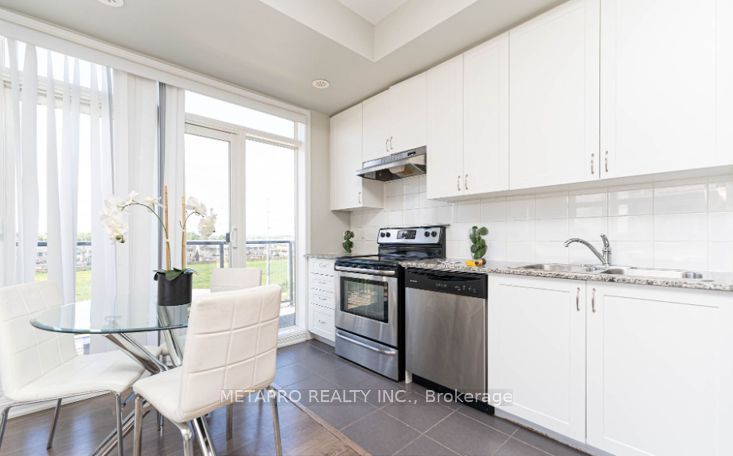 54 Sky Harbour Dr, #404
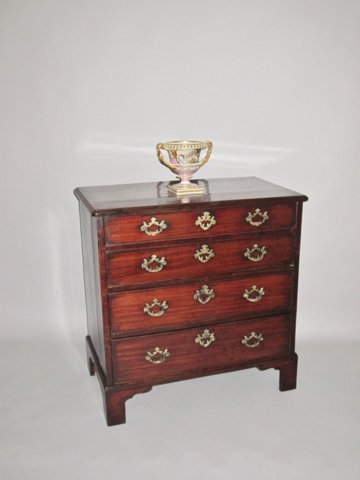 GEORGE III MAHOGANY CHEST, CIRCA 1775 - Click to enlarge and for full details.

--

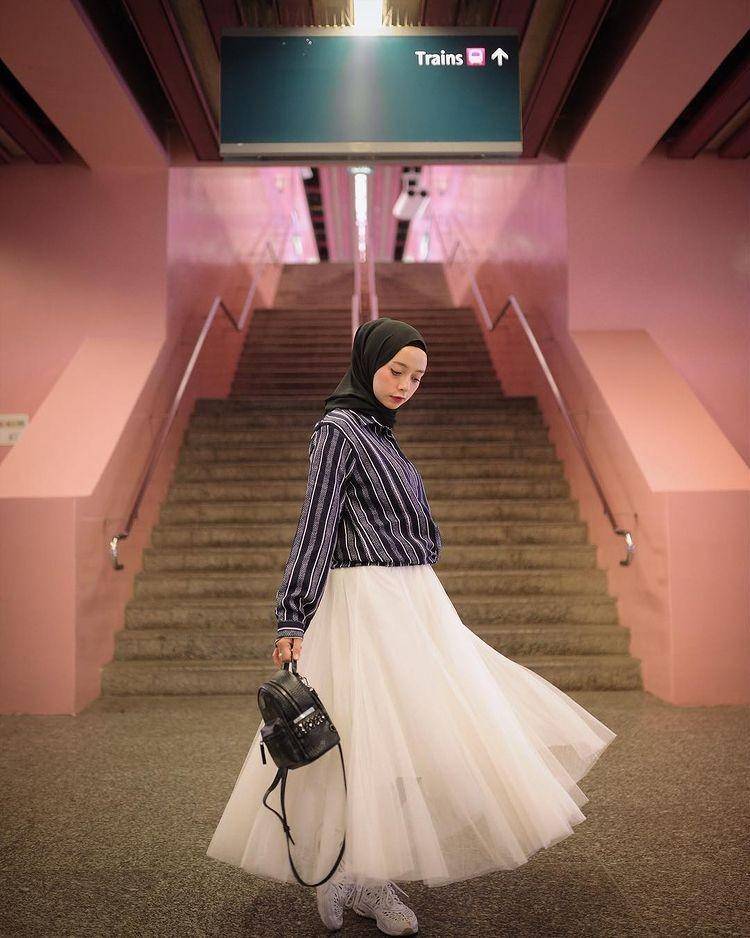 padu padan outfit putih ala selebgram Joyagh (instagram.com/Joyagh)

* WHAT IS BEING ASKED:
Looking above, find the stretch of lines that opens with the one holding "54 Sky Harbour Dr, #404" and closes with the one holding "GEORGE III MAHOGANY". Copy it exactly, pictures excluded.

* REPLY:
 54 Sky Harbour Dr, #404
 GEORGE III MAHOGANY CHEST, CIRCA 1775 - Click to enlarge and for full details.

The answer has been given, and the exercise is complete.